Die „Ponyzeit“ ist eine Reihe ganz gezielt für erwachsene Hummelhoffreunde. Um die kleinen 4-beinigen Freunde eurer Kinder besser kennenzulernen und zu erfahren, was es mit dem Zauber dieser wunderbaren Lebewesen auf sich hat.

Ponys sind sehr intelligente und feine Wesen. Sie kommen mit beeindruckenden kognitiven Fähigkeiten auf die Welt und kommunizieren ihrer Natur nach sehr, sehr fein innerhalb ihrer Herde. Sie sind Fluchttiere und so ist ihre Überlebensstrategie nicht Kampf, sondern eben Flucht. Daher sind sie darauf spezialisiert, Veränderungen in ihrer Umgebung früh zu erkennen und blitzschnell darauf zu reagieren. Über all das werden wir noch ganz ausführlich schreiben :)

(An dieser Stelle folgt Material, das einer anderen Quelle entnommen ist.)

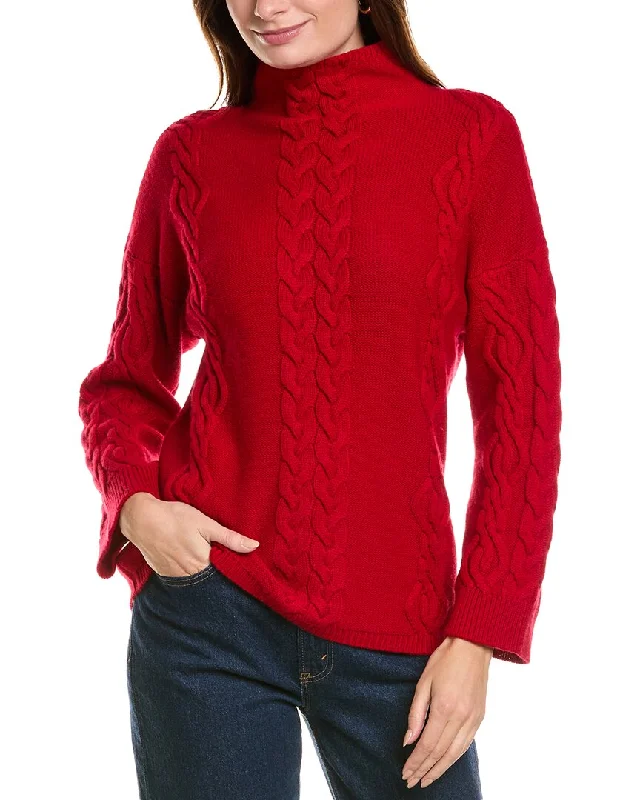 Forte Cashmere Placed Cable Funnel Neck Wool & Cashmere-Blend Sweater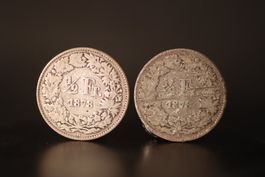 2 x 1/2 Franken 1878 | Silber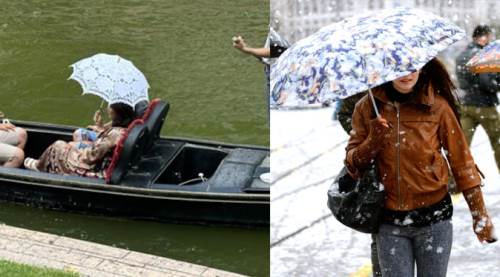 Eskişehir'de şemsiyeler artık kar değil, güneş için açılıyor!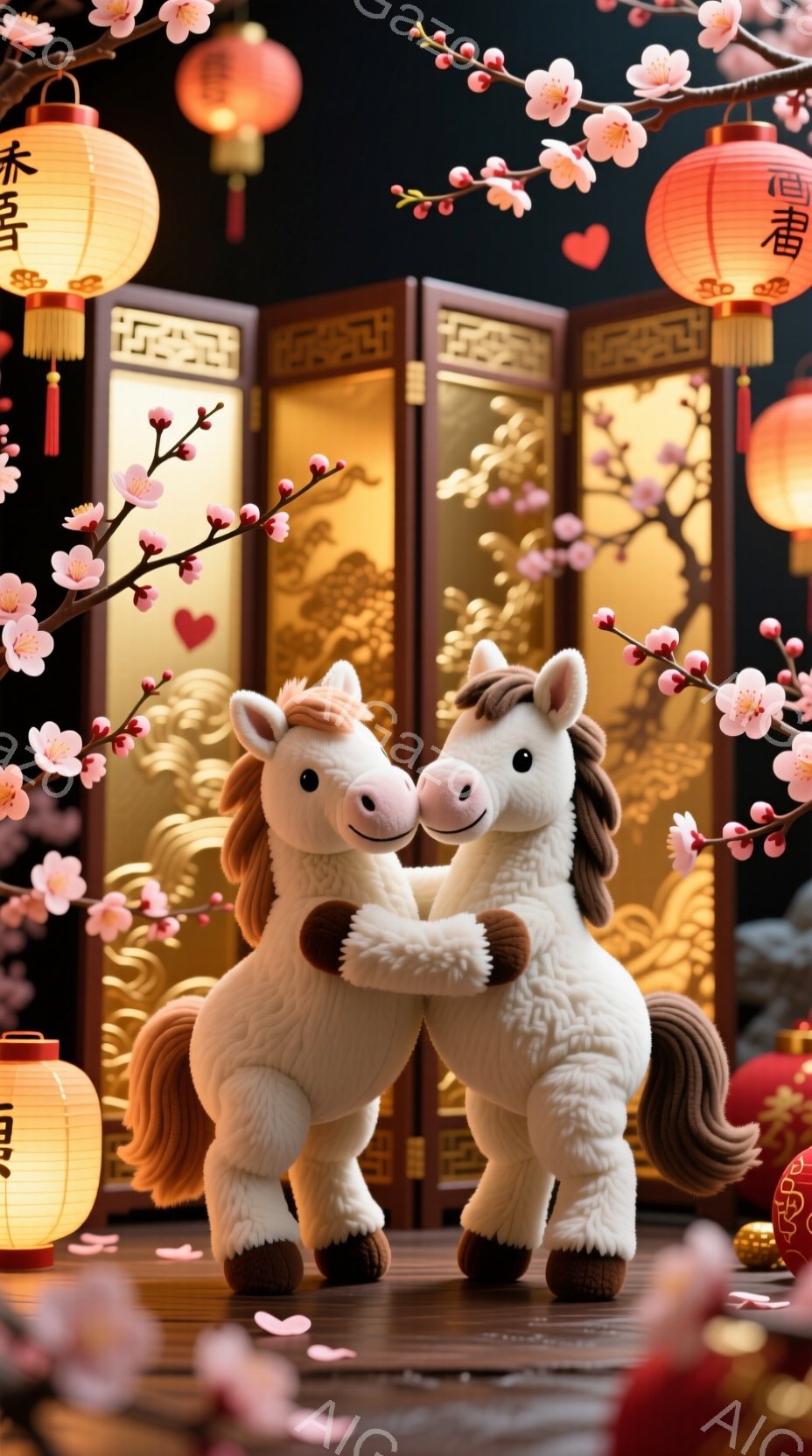 白い馬のペアが寄り添い、互いに前足を重ね合っています。背景には、赤い提灯や桜の花が咲き乱れ、豪華な屏風が置かれており、中国の春節の雰囲気が漂います。全体的に暖かく、お祝いの気持ちに満ちた、平和な雰囲気 - AI生成フリー素材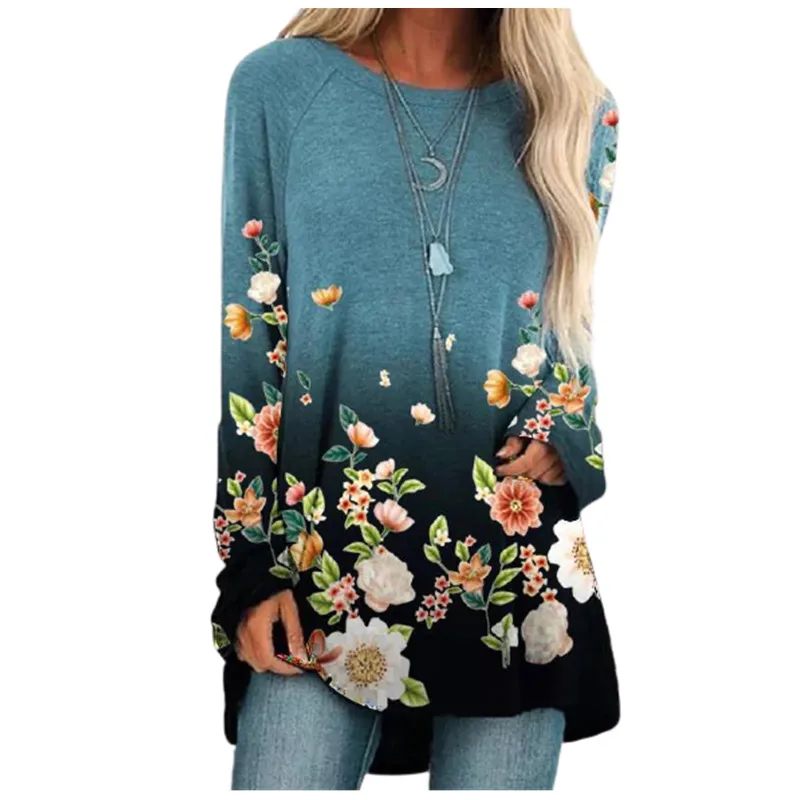 

5XL Oversized Autumn T Shirt Long Sleeve Women Floral Print T Shirt Casual O-Neck Loose Large Size Tops Fashion Streetwear Tops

Nun haben wir also diese sehr feinen Wesen bei uns. Wir Menschen sind ganz anderer Natur und müssen die Sprache der Ponys erst sorgfältig lernen. Und so geschieht es, dass wir uns manches mal in ihren Augen sehr widersprüchlich verhalten und die Ponys uns nicht lesen können. Was passiert dann ? Die Ponys reagieren auf uns, wie es ihrer Natur und ihrer Sprache nach sinnvoll, womöglich aber von uns nicht gewünscht ist. Wir Menschen haben darauf dann oftmals gute Erklärungen und stellen fest : „Das Pony ist frech, stur, dickköpfig“ Doch das ist es in keinster Weise. Ponys möchten uns stets genügen und alles richtig machen. Wir kommunizieren nicht genau genug, hören nicht gut zu, stellen unsere Fragen falsch.

An uns ist es, die Sprache der Ponys zu lernen, wenn wir in einen guten und feinen Austausch mit ihnen gehen möchten. Ponys kommunizieren ganz klar und möchten uns gegenüber nicht frech, stur und dickköpfig sein. Sie möchten mit uns sein, wie sie es in ihrer Herde sind. In Frieden und Freundschaft.